Paquito, our parrotlet, has just added a new item to his diminutive lexicon:
"dear leader,"
( pronounced more like de-ah lea-dah, actually)
WHY? you ask...
Well...he's little. And it's fun to hear him say silly things.
(Up to now, he's said "Salut" & "Paquito," & "ça va?")

So, the other day, when I was looking at him while his head feathers were fluffed up,
I thought--hey, that reminds me of Kim Jong-Il--the reclusive and bizarre dictator of North Korea.who inherited the throne from his father Kim Il Sung...in his country's personality cult, he was referred to as 'Great Leader,' ergo, his son, logically, must be called "Dear Leader"...
He must have the strangest hair-do of any head of state today--witness the state of his head:

So, as a joke, and to my wife's bemusement,
I began squawking 'dear leader' to our little bird--especially when he would look like this:

yes, he looks a bit crazed...all the more reason to be reminded of the North Korean dictator, as he postures in Pyongyang, his capital city...

And then just a couple of days ago--surprise!--Paquito pronounced the phrase--in a high-pitched repeated recitation: de-ah lea-dah! deah leadah! deah leadah! deah leadah!
Yes, I know--resemblance is in the eye of the beholder.
But a parrotlet that, ahem, parrots, North Korea's party line, is quite amusing.
(Disclaimer to Homeland Security here:
I IN NO WAY SUPPORT NOR SYMPATHIZE WITH NORTH KOREA!
PLEASE HAVE A SENSE OF HUMOR!!! I AM SIMPLY POINTING OUT A PASSING RESEMBLANCE...
I AM COMPLETELY POLITICALLY NEUTRAL IN A MOST BENIGN WAY!!
I HAVE PARROTS,THERE I AM SLIGHTLY WEIRD...BUT HARMLESS!!)

Let's hope that works...

So, now on to Public Radio.
(The link between Pyongyang and NPR is this:
I listen to NPR, therefore I am informed about international goings-on, including things North Korean.)
There.
Now, yesterday, while listening to KUOW, NPR's local affiliate, there was a talk show mentioning, among other things, that a recent study concluded that Seatle is America's 'most literate city.'
(That 'literateness' must be one reason why, evidently, I insist on writing with numerous subordinate clauses, this being, parenthetically, an example thereof.

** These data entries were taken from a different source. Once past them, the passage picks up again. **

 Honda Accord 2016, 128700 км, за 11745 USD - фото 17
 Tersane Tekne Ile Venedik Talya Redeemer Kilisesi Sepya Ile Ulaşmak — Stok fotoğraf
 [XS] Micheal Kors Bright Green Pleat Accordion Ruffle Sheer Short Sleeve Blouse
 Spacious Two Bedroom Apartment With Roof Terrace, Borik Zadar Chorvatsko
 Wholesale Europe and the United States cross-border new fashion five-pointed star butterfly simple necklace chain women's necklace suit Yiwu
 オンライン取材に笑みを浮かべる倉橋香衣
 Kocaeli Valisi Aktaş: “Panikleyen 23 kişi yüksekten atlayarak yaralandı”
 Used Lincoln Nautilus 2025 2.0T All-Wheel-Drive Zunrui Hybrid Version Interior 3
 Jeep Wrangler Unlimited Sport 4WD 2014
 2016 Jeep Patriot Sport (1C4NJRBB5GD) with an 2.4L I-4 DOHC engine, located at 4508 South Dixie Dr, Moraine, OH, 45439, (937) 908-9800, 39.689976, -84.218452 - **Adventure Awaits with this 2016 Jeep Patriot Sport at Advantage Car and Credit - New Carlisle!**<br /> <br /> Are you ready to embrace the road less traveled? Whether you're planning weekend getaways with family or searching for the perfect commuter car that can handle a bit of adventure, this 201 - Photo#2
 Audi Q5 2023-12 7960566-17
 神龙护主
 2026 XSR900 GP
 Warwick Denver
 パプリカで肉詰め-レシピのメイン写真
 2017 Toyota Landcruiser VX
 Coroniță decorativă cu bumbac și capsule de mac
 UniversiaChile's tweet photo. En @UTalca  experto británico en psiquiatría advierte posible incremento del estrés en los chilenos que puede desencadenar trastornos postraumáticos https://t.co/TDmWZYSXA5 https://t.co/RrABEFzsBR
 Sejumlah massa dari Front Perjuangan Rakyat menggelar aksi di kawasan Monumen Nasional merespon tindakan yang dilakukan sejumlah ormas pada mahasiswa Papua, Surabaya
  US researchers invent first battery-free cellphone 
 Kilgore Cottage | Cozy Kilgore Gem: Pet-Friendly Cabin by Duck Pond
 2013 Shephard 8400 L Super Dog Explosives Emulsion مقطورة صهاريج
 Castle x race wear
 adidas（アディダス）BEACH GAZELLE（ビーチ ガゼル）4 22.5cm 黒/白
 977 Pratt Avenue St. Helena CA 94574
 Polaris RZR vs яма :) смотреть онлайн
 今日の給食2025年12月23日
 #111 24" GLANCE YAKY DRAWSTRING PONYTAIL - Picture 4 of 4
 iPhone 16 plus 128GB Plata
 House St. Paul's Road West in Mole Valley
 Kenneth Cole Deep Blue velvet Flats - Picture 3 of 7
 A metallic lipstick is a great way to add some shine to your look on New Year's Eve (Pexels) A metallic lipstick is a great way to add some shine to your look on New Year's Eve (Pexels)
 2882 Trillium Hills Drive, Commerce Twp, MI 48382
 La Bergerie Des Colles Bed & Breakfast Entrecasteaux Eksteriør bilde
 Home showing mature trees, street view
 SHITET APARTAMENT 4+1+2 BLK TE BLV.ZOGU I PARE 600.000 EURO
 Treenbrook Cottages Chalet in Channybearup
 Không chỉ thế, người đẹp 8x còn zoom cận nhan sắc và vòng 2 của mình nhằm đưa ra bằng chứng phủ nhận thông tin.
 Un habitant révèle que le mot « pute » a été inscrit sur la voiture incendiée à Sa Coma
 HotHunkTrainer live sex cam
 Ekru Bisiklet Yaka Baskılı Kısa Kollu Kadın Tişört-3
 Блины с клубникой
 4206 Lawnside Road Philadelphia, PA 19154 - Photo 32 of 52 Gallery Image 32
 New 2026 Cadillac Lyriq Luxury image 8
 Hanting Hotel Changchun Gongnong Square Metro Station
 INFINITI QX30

Call it peer pressure...)

The self-congratulatory tone of some of the people calling in being annoying, I decided to call in--my first time ever trying to talk on a radio-call-in-talk-show--and they took my call!
I had my 30 seconds of local Nerd-Power-Radio fame.
I don't recall exactly what I said, but it was something to the effect of, 'okay, we might enjoy that we live in a 'literate city,' but don't let it go to our head--oh we're so educated, oh we're so literate--let's not let the findings of this 'study' nurture a self-superiority complex...'
Anyway...

To get another point of view on the local 'literate' pulse,
read this column here (entitled "Ask an uptight Seattleite"), from where I copied the following drawing.
(all due credit to The Seattle Weekly.)
As a neo-Northwesterner, I find the caricature to be right on:

Let's start with the shoes--suitable for hiking, no doubt, and probably Gore-tex. (weather update--we had a WINDstorm last night, power is out to 700,000 people as I type this, and schools are cancelled...) The NPR-tote-bag is a must, because, as a 'literate' person with a thirst for news, the only right thing to do is be a contributing member, which fact one can subsequently advertise with the 'gift.' And inside that (hemp fiber?) bag, full of reading material, naturally, one must have Utne reader magazine, which you can pull out when you stop for your organic soy latte made by a multiply-pierced barista at a NON-Starbucks establishment, to ensure onlookers that you don't allow pre-digested pablum, such as Fox 'news', to bias your westcoastworldview...which is seen through small de rigueur wire-rimmed glasses...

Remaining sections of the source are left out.